## TRY IT:
Start at the line with "2 Coppia Lampade da Tavolo Floreali" and print every line through the end of the material below. Keep it exact and free of pictures.

## STORED DATA:
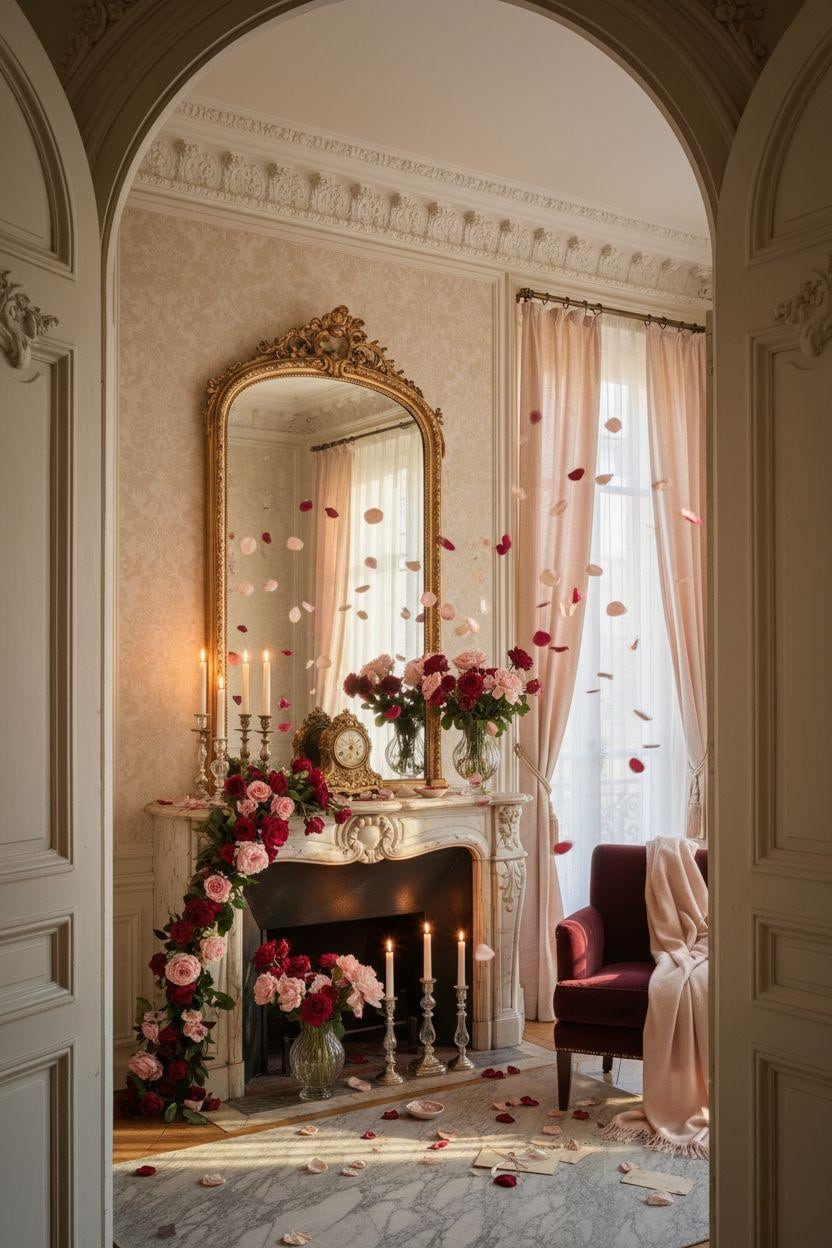 Valentine's mantel decor with lush garland and baroque mirror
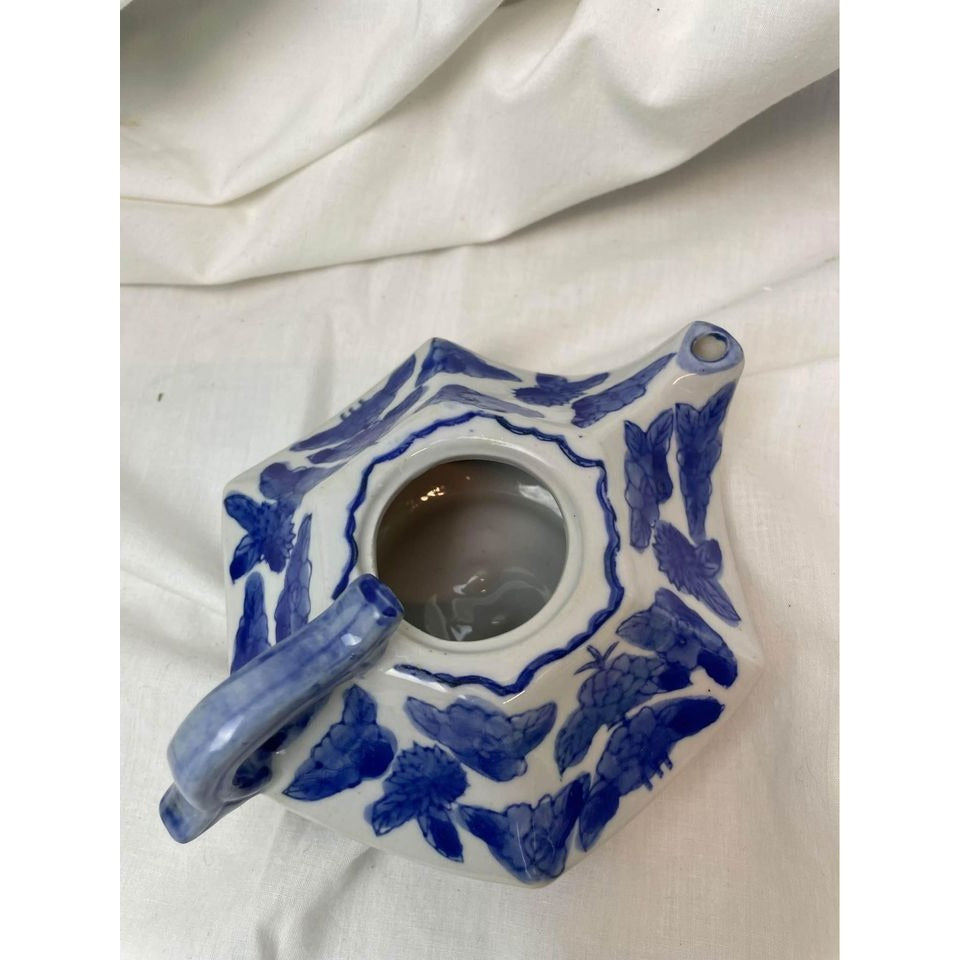 Mini Hexagonal bombay China blue white porcelain decorative Teapot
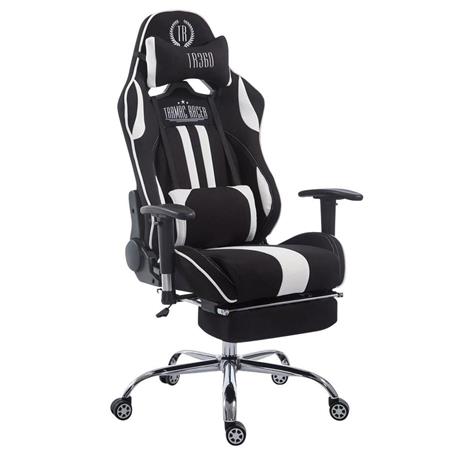 Gamingstuhl LOGAN STOFF mit Fußablage, neigbare Rückenlehne, Nacken- & Lordosekissen, Farbe Schwarz/Weiß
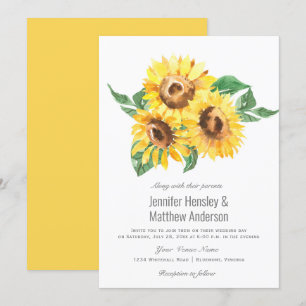 Sunny Gult Watercolor Sunblommor Bröllop Inbjudningar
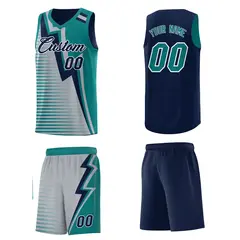 Navy Teal Gray Gradient Lightning Stripes Reversible Basketball Jersey 5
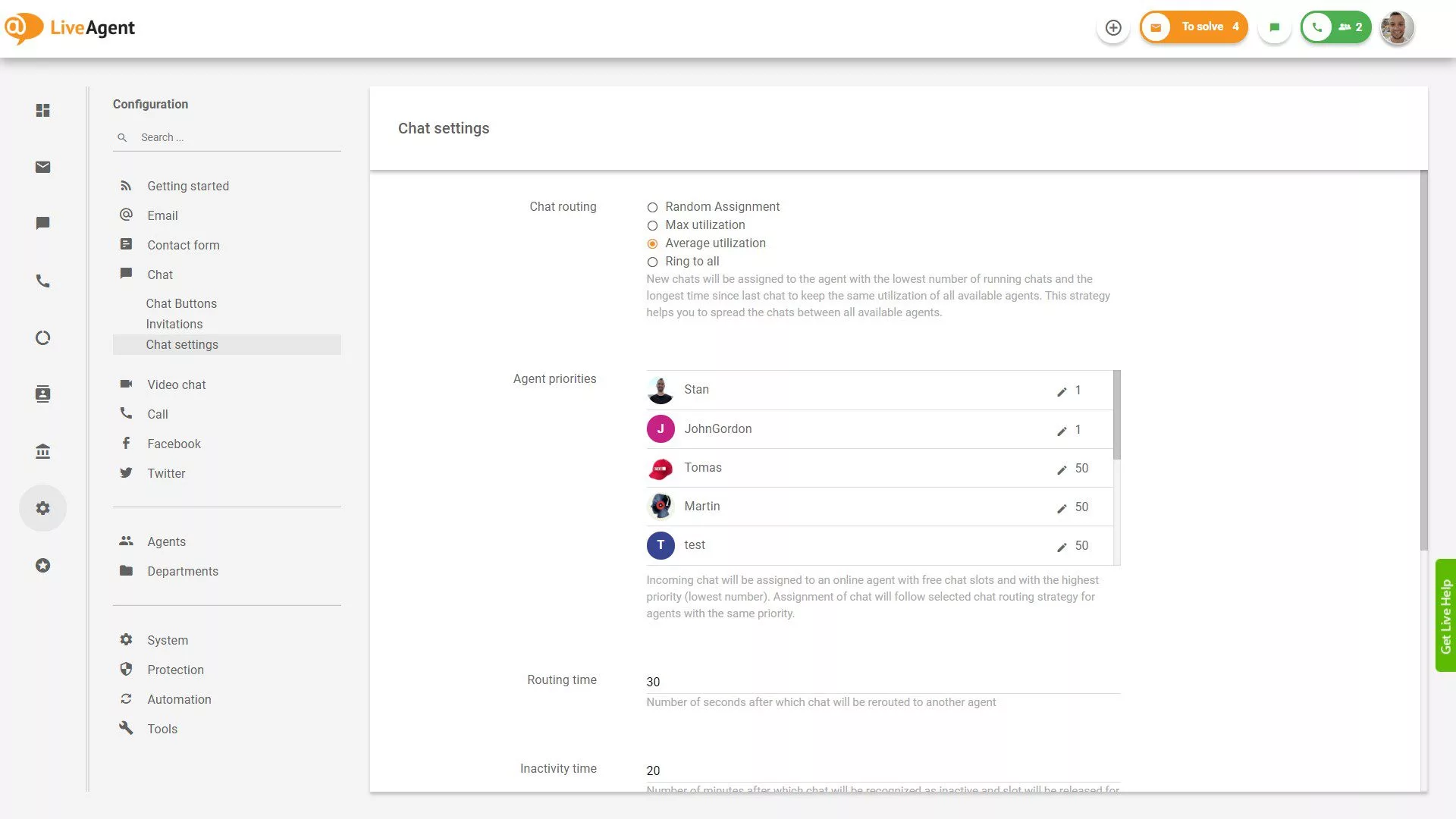 Ustawienia czatu LiveAgent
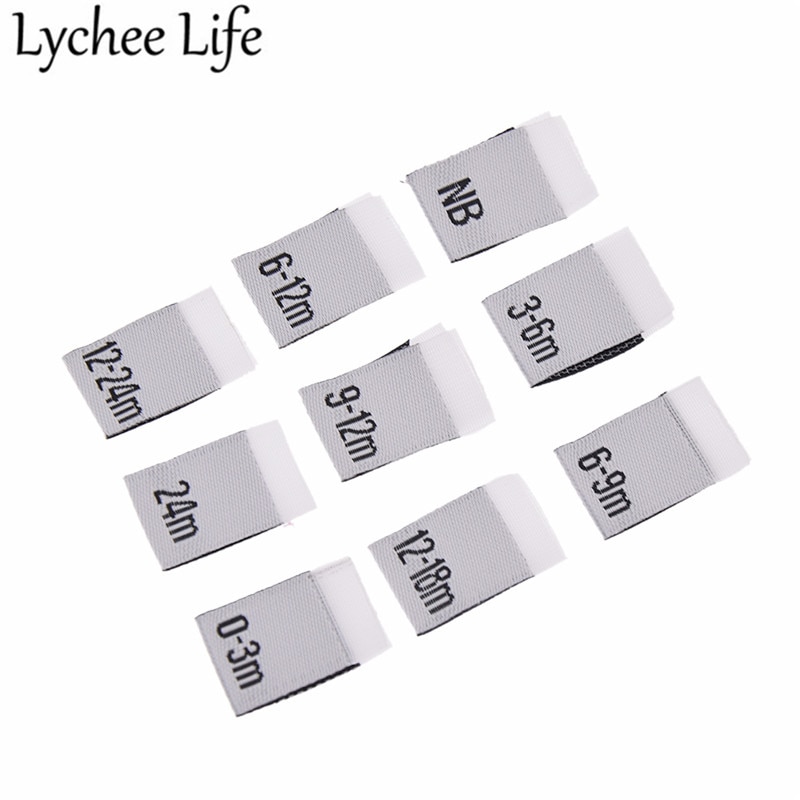 litchi liv 100 stk baby klær størrelse etikett polyester brev trykte etiketter håndlaget diy klær sy stoff tilbehør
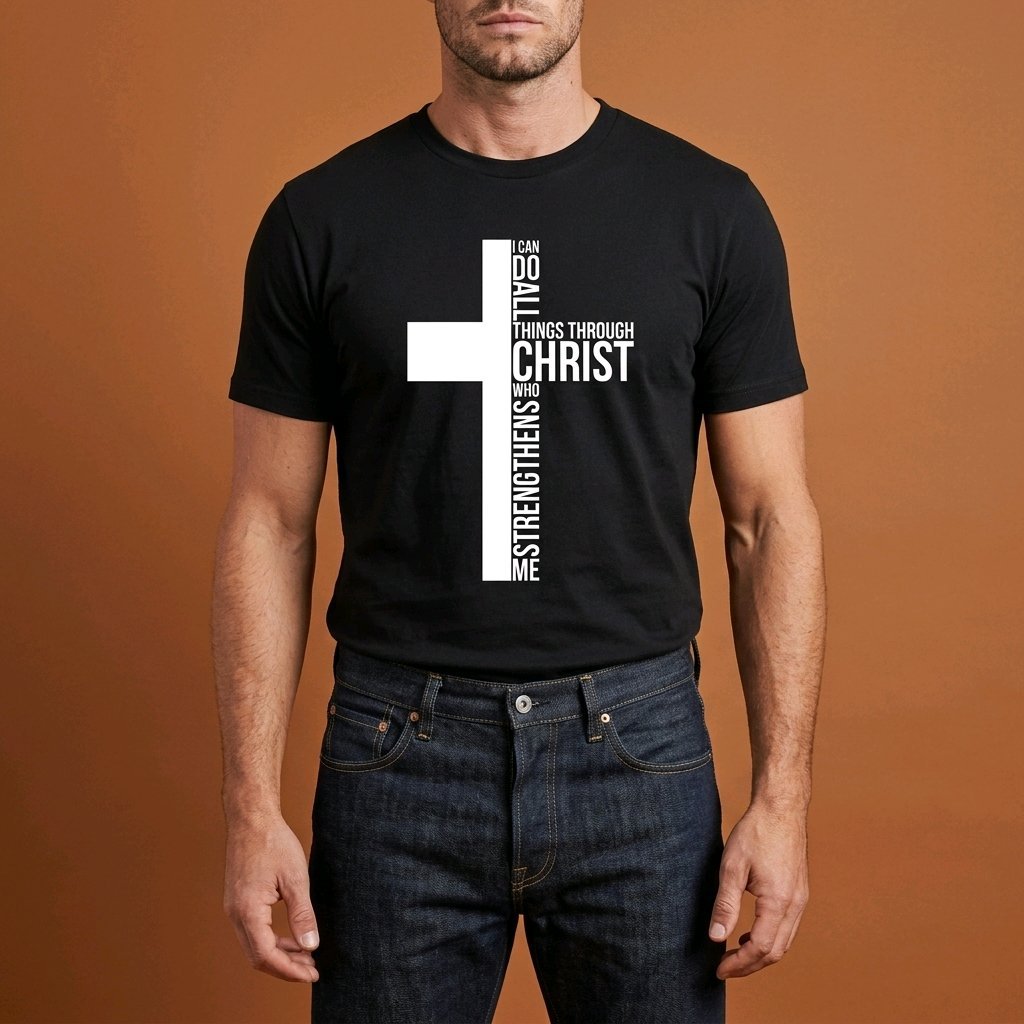Unisex T-Shirt Cross Kreuz Jesus Gott_0005A - Herz Jesu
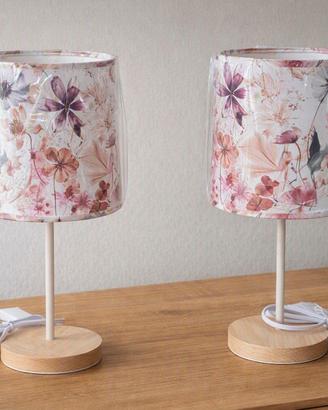 2 Coppia Lampade da Tavolo Floreali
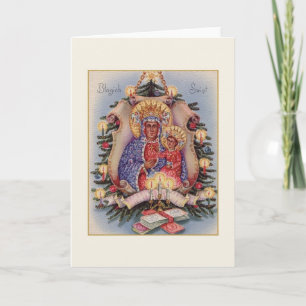 Retro Religiösa Częstochowa-julkort Helgkort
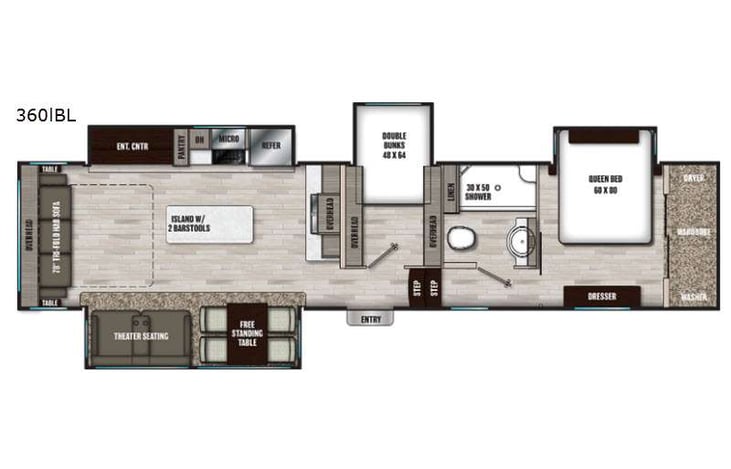 Representative floor plan provided by a trusted RVshare partner.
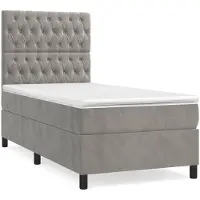 vidaXL Boxspring met matras fluweel lichtgrijs 100x200 cm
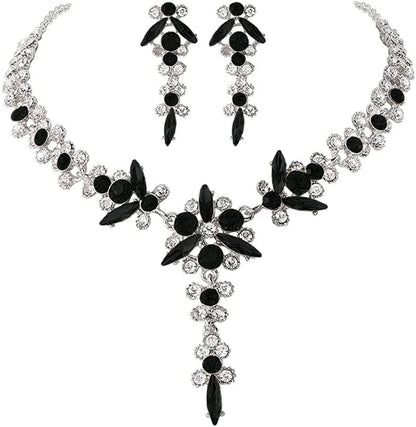 Bride Necklace Earrings Set Crystal Bridal Wedding Jewelry Sets Rhinestone Choker Necklace Prom Costume Jewelry for Women and Girls H- Silver Plated - Black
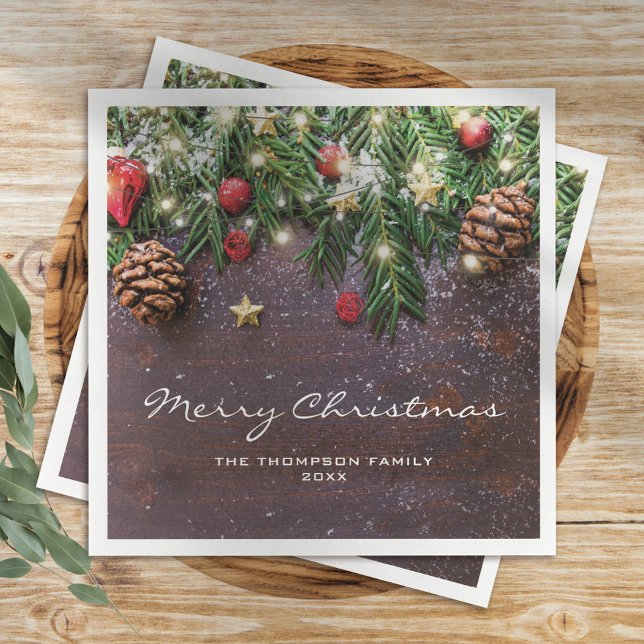 Rustic Country Christmas Holiday Party Paper Napkins (Creator Uploaded)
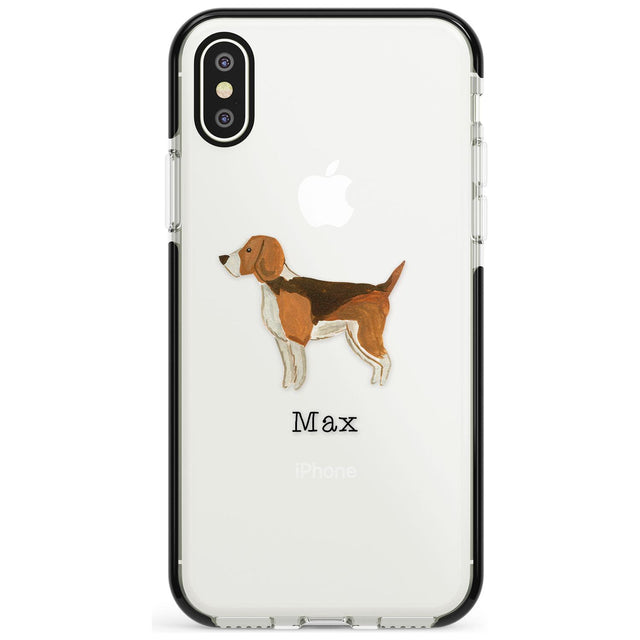 Hand Painted Beagle Black Impact Phone Case for iPhone X XS Max XR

## RESPONSE FOR THIS EXERCISE:
 2 Coppia Lampade da Tavolo Floreali
 Retro Religiösa Częstochowa-julkort Helgkort
 Representative floor plan provided by a trusted RVshare partner.
 vidaXL Boxspring met matras fluweel lichtgrijs 100x200 cm
 Bride Necklace Earrings Set Crystal Bridal Wedding Jewelry Sets Rhinestone Choker Necklace Prom Costume Jewelry for Women and Girls H- Silver Plated - Black
 Rustic Country Christmas Holiday Party Paper Napkins (Creator Uploaded)
 Hand Painted Beagle Black Impact Phone Case for iPhone X XS Max XR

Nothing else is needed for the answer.